#### BRIEF
In the material below, find the line with "Foto f469a0da-0aac-41a5-b5fe-7fa533df4834. Casa" and the line with "2011 Hyundai Elantra Touring SE photo 1". Output exactly those two lines and all lines between them, leaving out pictures.

#### MATERIAL FOR THIS TASK
================
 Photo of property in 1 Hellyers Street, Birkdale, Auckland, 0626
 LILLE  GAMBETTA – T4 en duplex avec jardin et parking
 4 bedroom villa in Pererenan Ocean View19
================
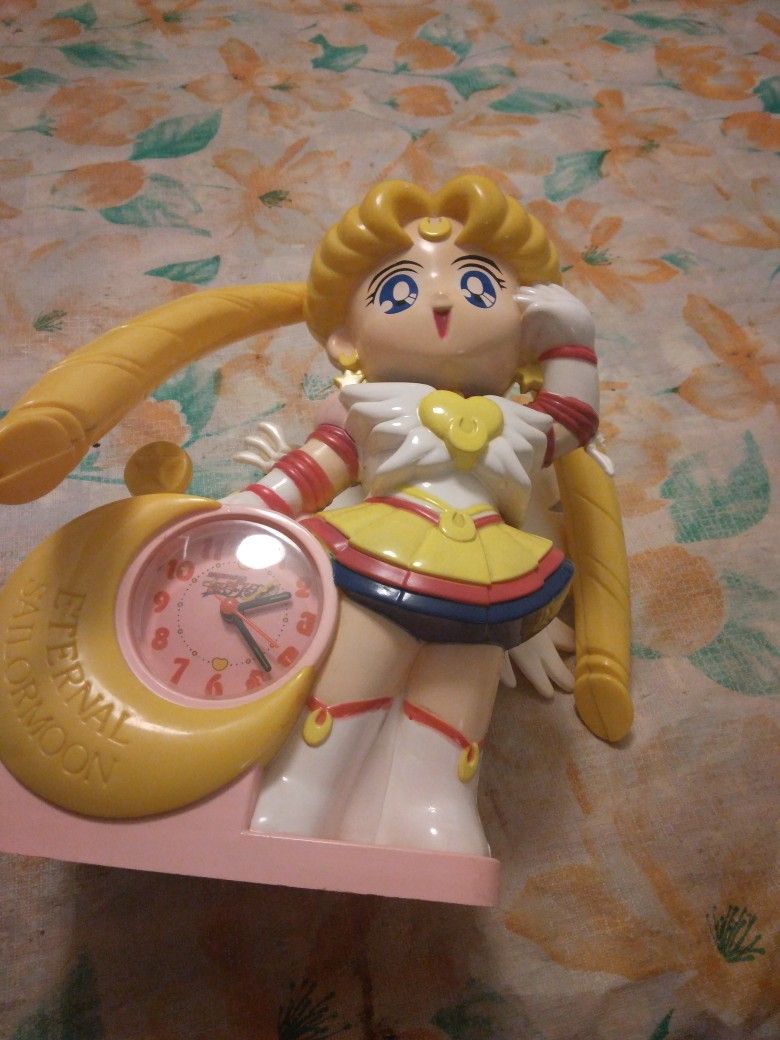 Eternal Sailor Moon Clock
================
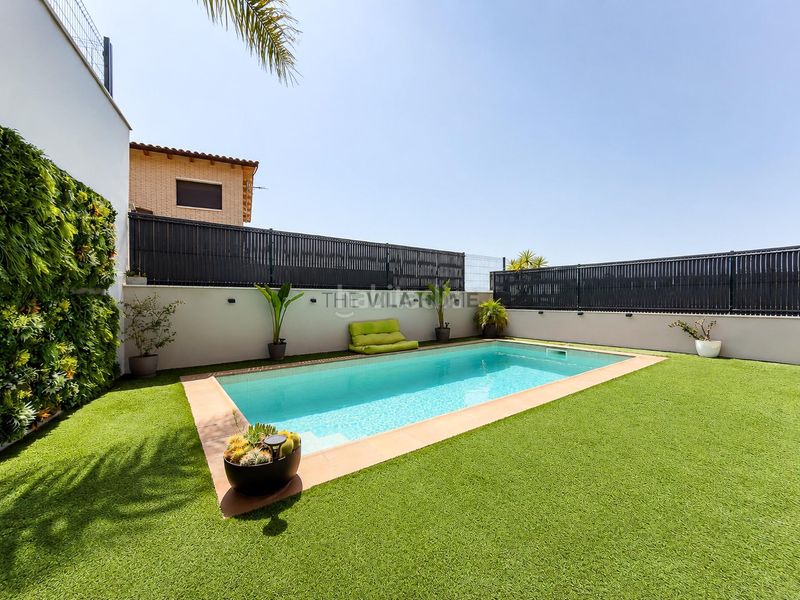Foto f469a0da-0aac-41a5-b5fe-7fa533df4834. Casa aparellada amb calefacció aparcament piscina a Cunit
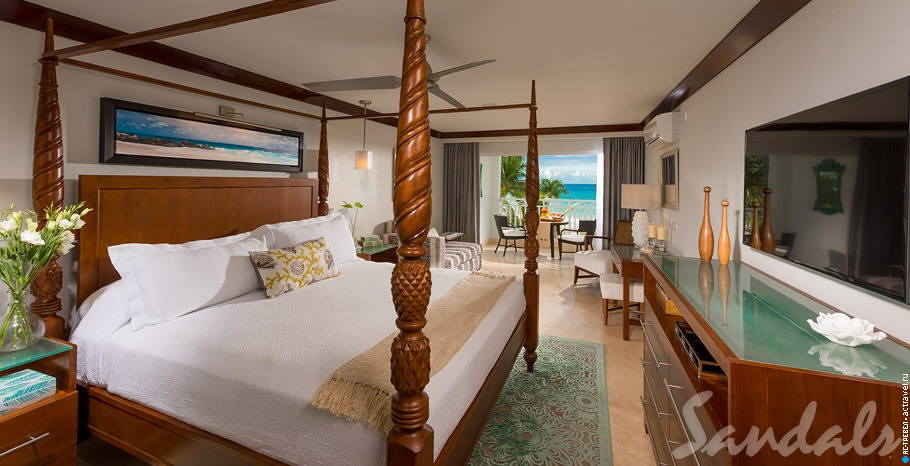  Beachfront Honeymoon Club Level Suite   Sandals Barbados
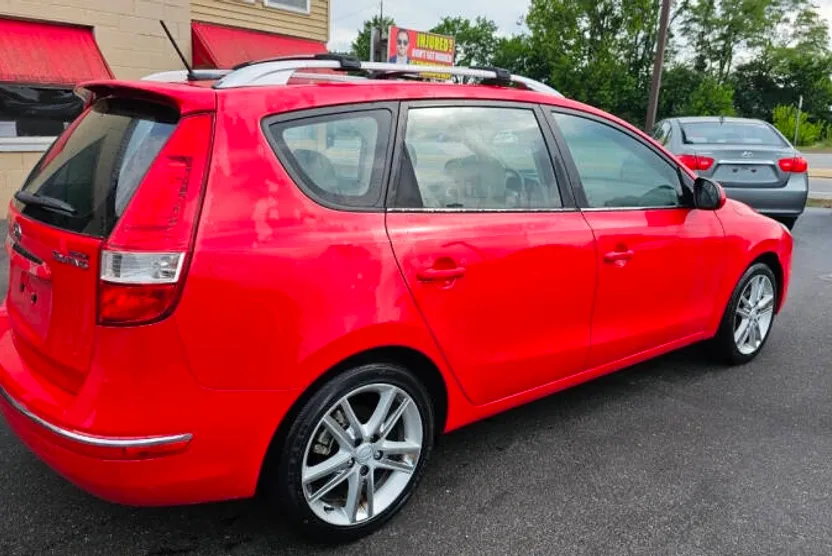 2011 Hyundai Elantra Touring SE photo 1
================
#### FINISHED EXERCISE
Foto f469a0da-0aac-41a5-b5fe-7fa533df4834. Casa aparellada amb calefacció aparcament piscina a Cunit
  Beachfront Honeymoon Club Level Suite   Sandals Barbados
 2011 Hyundai Elantra Touring SE photo 1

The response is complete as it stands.